If the study included a comparison group which differed on some demographic variables (like gender), then I understand the value of running analyses that control for those variables (e.g., did the treatment group have a larger increase in conscientiousness than the comparison group while controlling for gender?). But that wasn't the study design, so we can't just run a regression with demographic controls.

Replies from: AstraSequi

↑ comment by AstraSequi · 2015-12-15T00:48:02.491Z · LW(p) · GW(p)

You want adjusted effect sizes to check confounding. It’s not because variables are different for the controls, but because you don’t know if they affected your treatment group. You could stratify by group and take a weighted average of the effect sizes (“effect size” defined as change from baseline, as in the writeup). However, you might not have a large enough sample size for all strata, you can’t adjust for many variables at once, and it’s inferior to regression.

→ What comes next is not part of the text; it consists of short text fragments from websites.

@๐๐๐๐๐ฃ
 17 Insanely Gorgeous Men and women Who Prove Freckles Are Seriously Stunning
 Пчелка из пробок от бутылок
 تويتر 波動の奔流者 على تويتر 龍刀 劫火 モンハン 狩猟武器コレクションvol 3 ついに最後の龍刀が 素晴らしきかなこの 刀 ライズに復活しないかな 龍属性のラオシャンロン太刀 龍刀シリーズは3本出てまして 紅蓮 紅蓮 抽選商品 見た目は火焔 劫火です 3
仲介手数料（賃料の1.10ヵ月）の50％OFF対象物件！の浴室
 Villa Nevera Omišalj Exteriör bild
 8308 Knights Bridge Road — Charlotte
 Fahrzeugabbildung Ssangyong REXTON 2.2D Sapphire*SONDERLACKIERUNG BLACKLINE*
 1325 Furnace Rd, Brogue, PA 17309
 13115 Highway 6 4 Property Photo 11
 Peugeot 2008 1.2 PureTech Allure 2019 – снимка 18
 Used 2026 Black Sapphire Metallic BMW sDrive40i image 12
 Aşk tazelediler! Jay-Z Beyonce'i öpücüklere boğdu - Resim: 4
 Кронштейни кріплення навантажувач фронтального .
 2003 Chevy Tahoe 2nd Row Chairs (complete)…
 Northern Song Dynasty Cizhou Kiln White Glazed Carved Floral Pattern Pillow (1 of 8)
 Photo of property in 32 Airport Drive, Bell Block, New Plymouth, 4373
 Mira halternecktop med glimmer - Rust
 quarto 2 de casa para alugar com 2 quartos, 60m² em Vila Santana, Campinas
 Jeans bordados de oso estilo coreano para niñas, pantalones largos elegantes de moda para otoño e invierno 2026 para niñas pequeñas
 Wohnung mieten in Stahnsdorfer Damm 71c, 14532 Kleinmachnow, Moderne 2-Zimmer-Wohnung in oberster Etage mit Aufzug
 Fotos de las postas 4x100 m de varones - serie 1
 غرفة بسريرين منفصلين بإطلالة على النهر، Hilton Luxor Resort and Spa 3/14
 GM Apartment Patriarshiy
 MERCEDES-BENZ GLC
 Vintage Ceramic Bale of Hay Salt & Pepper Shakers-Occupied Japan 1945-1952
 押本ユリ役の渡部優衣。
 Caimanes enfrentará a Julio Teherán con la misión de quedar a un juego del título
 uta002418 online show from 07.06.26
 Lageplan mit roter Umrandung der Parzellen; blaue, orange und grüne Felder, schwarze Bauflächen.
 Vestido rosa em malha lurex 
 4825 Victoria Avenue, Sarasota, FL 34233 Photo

If correlation was your primary method to check confounding, there are two problems: a) confounding depends on the correlations with both the independent and dependent variables, but you only have data for the latter. b) the concept of significance can’t be applied to confounding in a straightforward way. It’s affected by sample size and variance, but confounding isn’t.

The main complication is the missing control group. I’m undecided on how to interpret this study, because I can’t think of any reason to avoid controls and I’m still trying to figure out the implications. If the RCT was done well, this makes the evidence a little bit stronger because it’s a replication. But by itself, I still haven’t thought of any way to draw useful conclusions from these data. There’s some good information, but it’s like two cross-sections, which are usually used only to find hypotheses for new research.

Replies from: IlyaShpitser

↑ comment by IlyaShpitser · 2015-12-15T01:36:00.626Z · LW(p) · GW(p)

confounding depends on the correlations with both the independent and dependent variables

That's not the correct definition of confounding (standard counterexample: M-bias).

Re: missing controls, can try to find similar people who didn't take the course, and match on something sensible.

the concept of significance can’t be applied to confounding in a straightforward way

Not sure what this means, people have been using bootstrap CIs for the ACE for ages.

Replies from: AstraSequi

↑ comment by AstraSequi · 2015-12-15T04:17:51.013Z · LW(p) · GW(p)

You'll have to clarify those points. For the first part, M-bias is not confounding. It's a kind of selection bias, and it happens when there is no causal relation with the independent or dependent variables (not no correlation), specifically when you try to adjust for confounding that doesn't exist. The collider can be a confounder, but it doesn't have to be. From the second link, "some authors refer to this type of (M-bias) as confounding...but this extension has no practical consequences"

I don't think you can get a good control group after the fact, because you need their outcomes at both timepoints, with a year in between. None of the options that come to mind are very good: you could ask them what they would have answered a year ago, you could start collecting data now and ask them in a year's time, or you could throw out the temporal data and use only a single cross-section.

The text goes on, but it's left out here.